Filter by the string "Small": return the lines of the material that contain it.

DATA TO PROCESS START

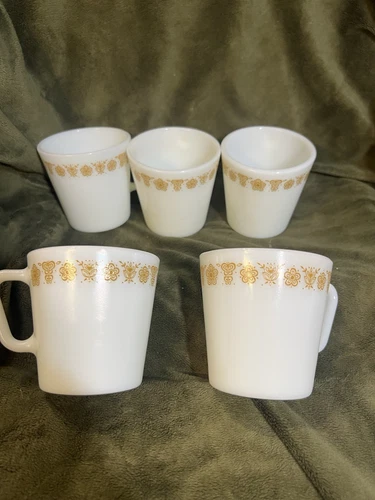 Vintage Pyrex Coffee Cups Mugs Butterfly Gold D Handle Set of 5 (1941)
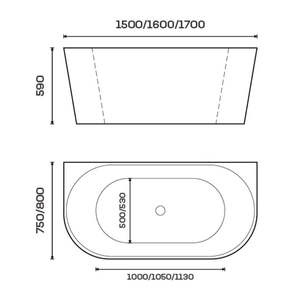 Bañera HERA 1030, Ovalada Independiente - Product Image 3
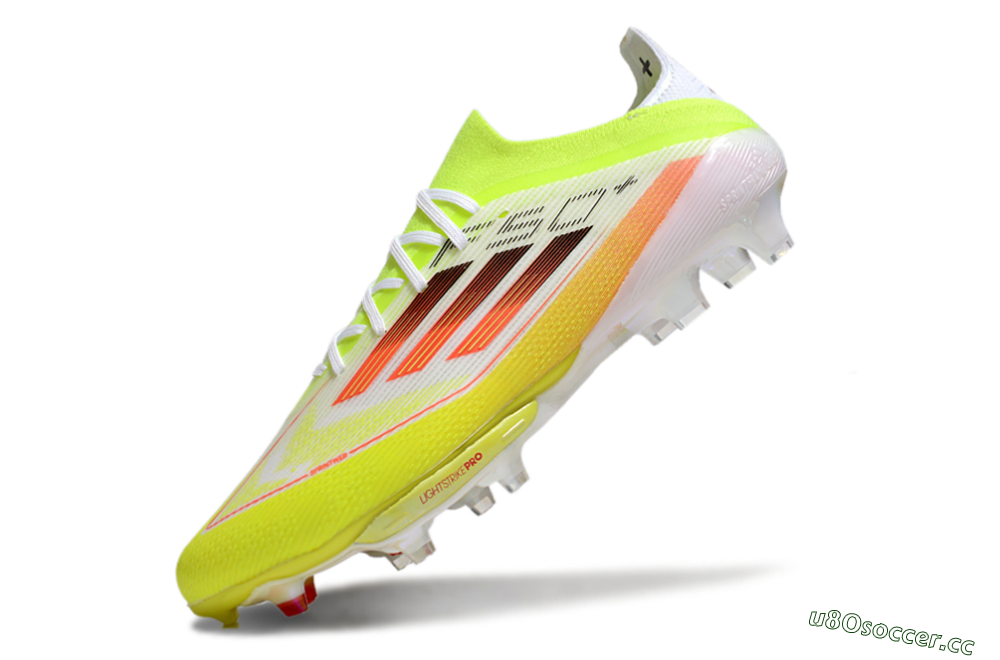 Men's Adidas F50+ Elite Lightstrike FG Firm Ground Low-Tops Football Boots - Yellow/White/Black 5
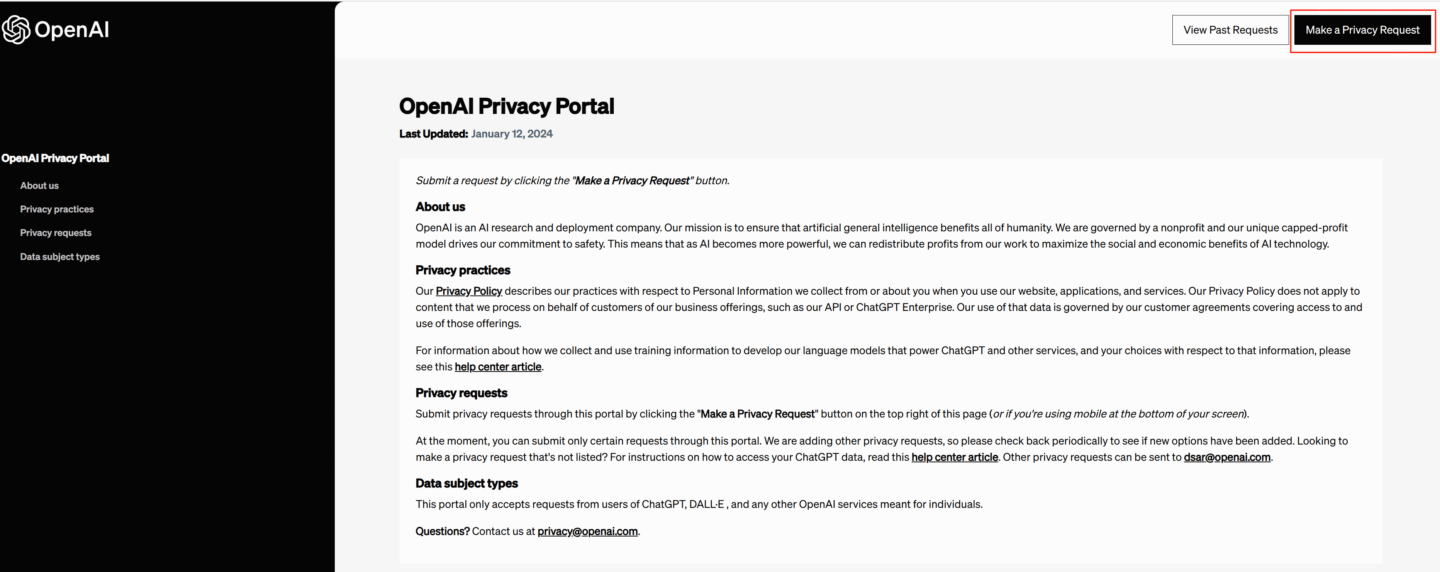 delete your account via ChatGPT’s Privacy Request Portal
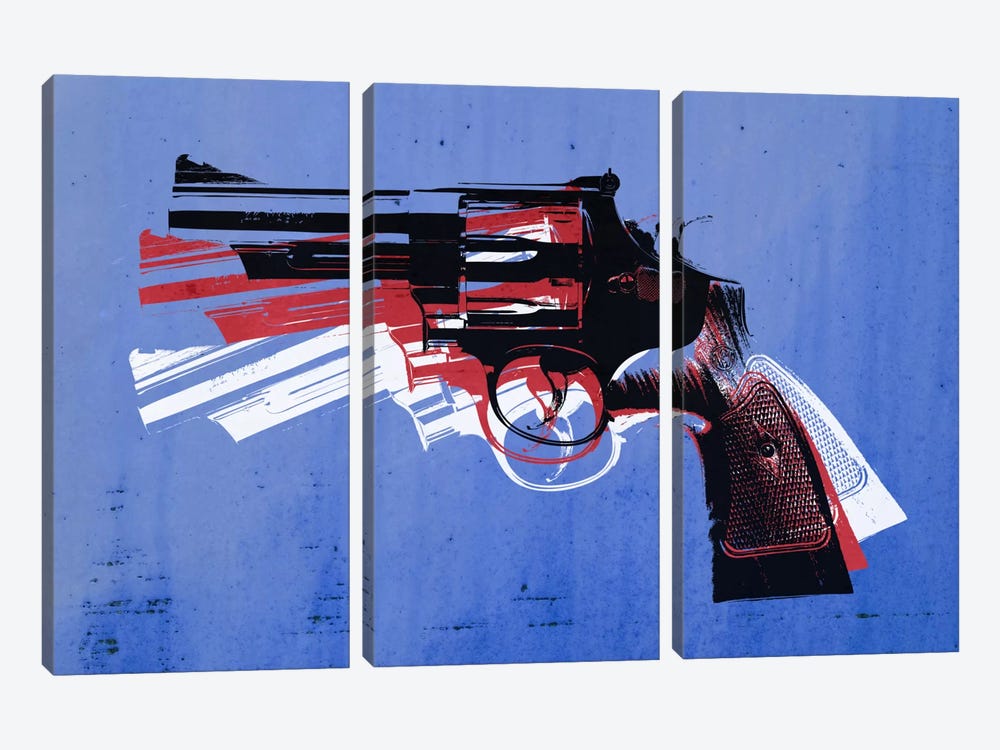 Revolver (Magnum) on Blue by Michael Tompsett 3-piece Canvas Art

DATA TO PROCESS END
DATA TO PROCESS START

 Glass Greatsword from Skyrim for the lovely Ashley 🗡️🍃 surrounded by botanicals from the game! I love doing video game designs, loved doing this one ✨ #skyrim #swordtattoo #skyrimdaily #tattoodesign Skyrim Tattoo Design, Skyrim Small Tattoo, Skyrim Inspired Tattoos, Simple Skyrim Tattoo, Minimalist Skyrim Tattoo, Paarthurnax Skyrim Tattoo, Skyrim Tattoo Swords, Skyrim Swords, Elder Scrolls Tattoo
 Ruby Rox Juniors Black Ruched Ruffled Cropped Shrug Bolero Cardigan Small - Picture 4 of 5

DATA TO PROCESS END

## WRITTEN ANSWER
 Glass Greatsword from Skyrim for the lovely Ashley 🗡️🍃 surrounded by botanicals from the game! I love doing video game designs, loved doing this one ✨ #skyrim #swordtattoo #skyrimdaily #tattoodesign Skyrim Tattoo Design, Skyrim Small Tattoo, Skyrim Inspired Tattoos, Simple Skyrim Tattoo, Minimalist Skyrim Tattoo, Paarthurnax Skyrim Tattoo, Skyrim Tattoo Swords, Skyrim Swords, Elder Scrolls Tattoo
 Ruby Rox Juniors Black Ruched Ruffled Cropped Shrug Bolero Cardigan Small - Picture 4 of 5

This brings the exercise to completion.